* **EXERCISE DESCRIPTION**:
Look below for the line containing "Cooking Pattern. Cutlery" and the line containing "鶏胸肉とれんこんの焼肉のたれマヨ和え-レシピのメイン写真"; repeat exactly those two lines and all lines between them, and nothing else.

* **DATA PROVIDED**:
━━━━━━━━━━━━━━━━━━━━━━━━━━━━━━

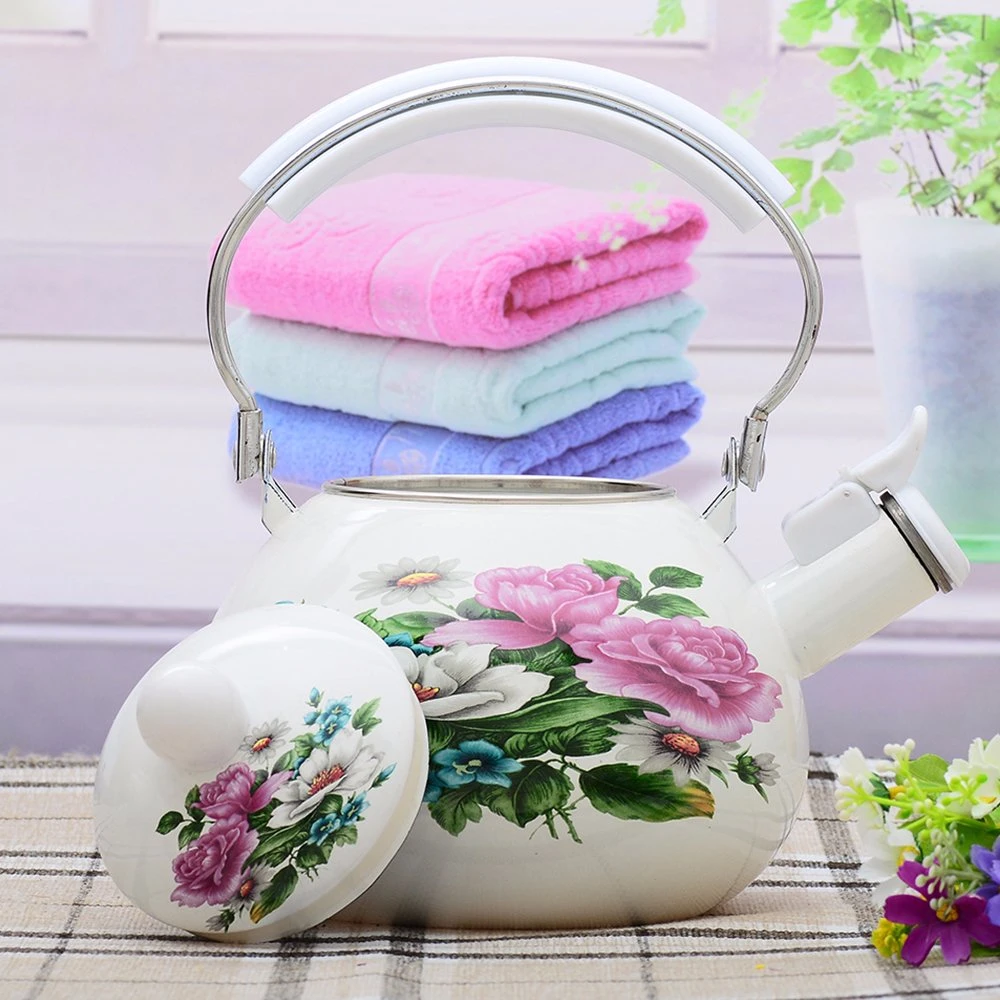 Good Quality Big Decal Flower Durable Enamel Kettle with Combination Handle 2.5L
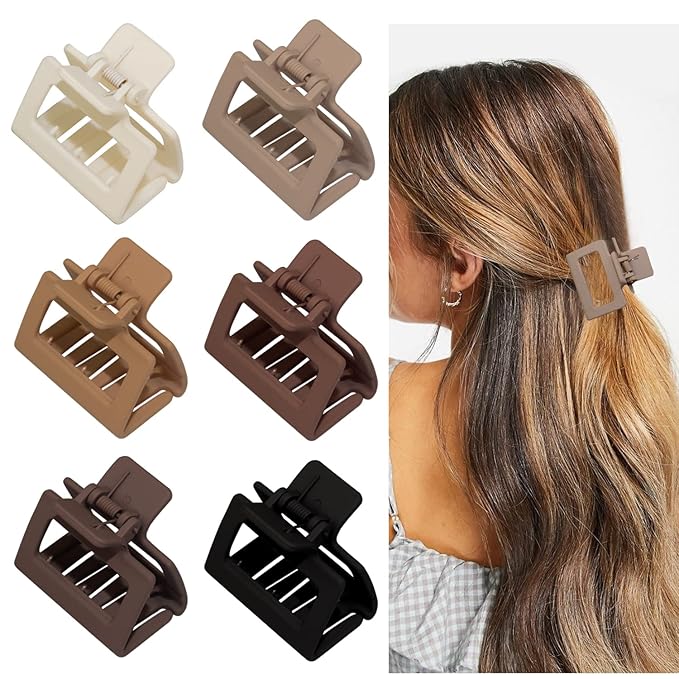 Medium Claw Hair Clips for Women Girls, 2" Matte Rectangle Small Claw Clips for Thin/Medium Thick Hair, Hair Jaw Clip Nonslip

━━━━━━━━━━━━━━━━━━━━━━━━━━━━━━

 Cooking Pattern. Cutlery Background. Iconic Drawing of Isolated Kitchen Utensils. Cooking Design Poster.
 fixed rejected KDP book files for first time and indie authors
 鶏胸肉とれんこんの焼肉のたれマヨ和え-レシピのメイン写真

━━━━━━━━━━━━━━━━━━━━━━━━━━━━━━

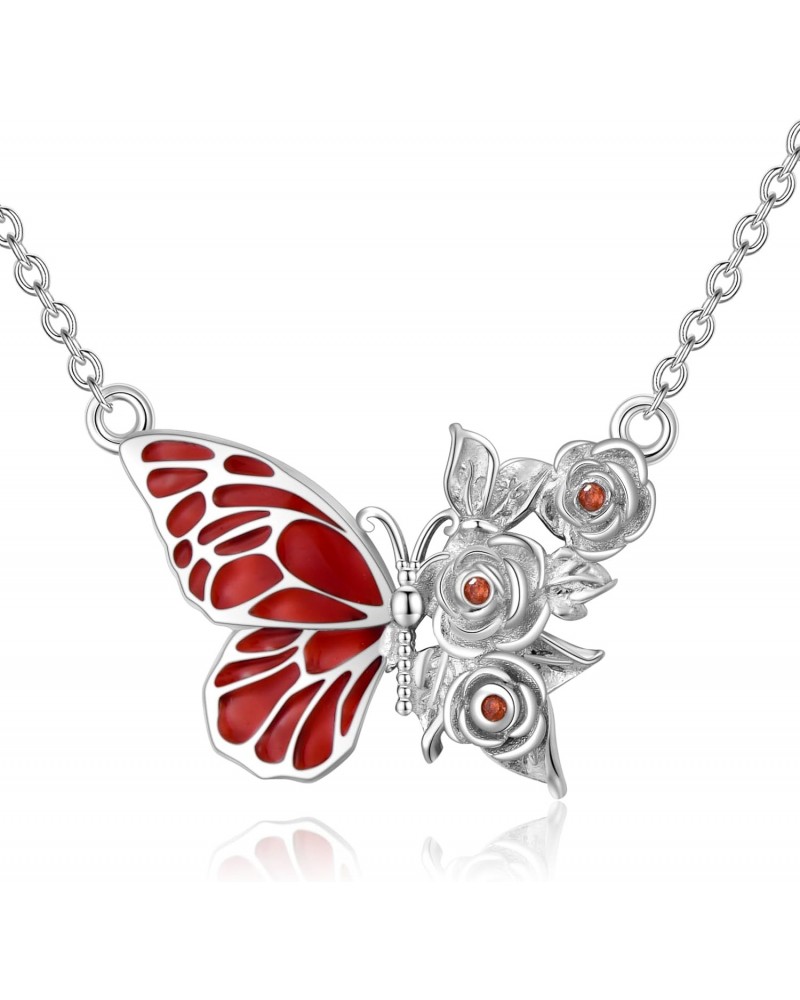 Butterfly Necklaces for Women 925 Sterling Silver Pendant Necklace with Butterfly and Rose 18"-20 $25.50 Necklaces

━━━━━━━━━━━━━━━━━━━━━━━━━━━━━━

* **TASK ANSWER**:
 Cooking Pattern. Cutlery Background. Iconic Drawing of Isolated Kitchen Utensils. Cooking Design Poster.
 fixed rejected KDP book files for first time and indie authors
 鶏胸肉とれんこんの焼肉のたれマヨ和え-レシピのメイン写真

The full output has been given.